In general, if you’re thinking just about the risk of pneumonitis from radiation, we know that the smaller the tumor, the smaller the amount of lung exposed to the radiation; this certainly goes along with pneumonitis risk. When planning radiation, we look at, for example, the volume of normal lung tissue exposed to 20 Gy. If that is 20%, as opposed to 30%, we know there is less risk.
In terms of biomarkers, we don’t have any good ones [to understand who is at increased risk of certain toxicities]. Certain patients, in general, are at increased risk of developing pneumonitis, such as those with interstitial lung disease; however, this represents a minority of the overall population. Unlike the metastatic setting, we also don’t have a great biomarker for response, such as PD-L1 expression. The ongoing trials have not limited patients based on PD-L1 expression. When considering patients for these studies, our main question is: Is the [care] plan going to put them at a high risk of developing pneumonitis? That would give us pause.

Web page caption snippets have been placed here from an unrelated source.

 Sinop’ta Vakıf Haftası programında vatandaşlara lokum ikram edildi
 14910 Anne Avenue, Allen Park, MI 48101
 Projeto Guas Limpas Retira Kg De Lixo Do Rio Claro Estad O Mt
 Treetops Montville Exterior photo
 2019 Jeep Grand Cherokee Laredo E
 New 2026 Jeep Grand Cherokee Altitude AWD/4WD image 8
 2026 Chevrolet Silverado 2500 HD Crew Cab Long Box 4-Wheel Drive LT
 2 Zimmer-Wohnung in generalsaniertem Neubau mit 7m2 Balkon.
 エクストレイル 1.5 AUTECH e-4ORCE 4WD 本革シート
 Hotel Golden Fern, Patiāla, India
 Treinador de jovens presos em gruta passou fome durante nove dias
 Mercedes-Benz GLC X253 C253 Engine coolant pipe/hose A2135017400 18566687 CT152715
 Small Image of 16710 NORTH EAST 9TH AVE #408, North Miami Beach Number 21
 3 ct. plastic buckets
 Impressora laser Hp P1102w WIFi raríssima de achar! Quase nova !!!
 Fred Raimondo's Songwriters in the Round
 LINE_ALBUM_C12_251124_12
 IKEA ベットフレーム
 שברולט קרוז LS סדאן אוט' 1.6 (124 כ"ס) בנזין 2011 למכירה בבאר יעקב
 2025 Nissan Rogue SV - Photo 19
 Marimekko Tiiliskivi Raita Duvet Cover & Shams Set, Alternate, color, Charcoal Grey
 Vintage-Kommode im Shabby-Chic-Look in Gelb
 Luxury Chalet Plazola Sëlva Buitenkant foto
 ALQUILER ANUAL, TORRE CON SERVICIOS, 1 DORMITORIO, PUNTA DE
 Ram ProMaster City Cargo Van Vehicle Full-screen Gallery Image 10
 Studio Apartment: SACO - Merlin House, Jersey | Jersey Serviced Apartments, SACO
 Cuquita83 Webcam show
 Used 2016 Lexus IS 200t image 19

Historically, patients with oligometastatic disease were defined as those who had 1 metastatic site and a stage I tumor; however, the definition has since broadened. It’s an ongoing debate as to who would most benefit from aggressive local treatments. For example, the SABR- COMET study [NCT01446744] showed really impressive PFS and OS benefit in patients who received SBRT to all sites of metastases along with systemic therapy. Certainly, AEs were associated with aggressive local therapies; thus, collaboration among the specialties and careful patient selection is critical. However, this is an area where we are seeing very encouraging results and we’re seeing outcomes improve. [We need to consider] all the potential options for patients, even if they have metastatic disease.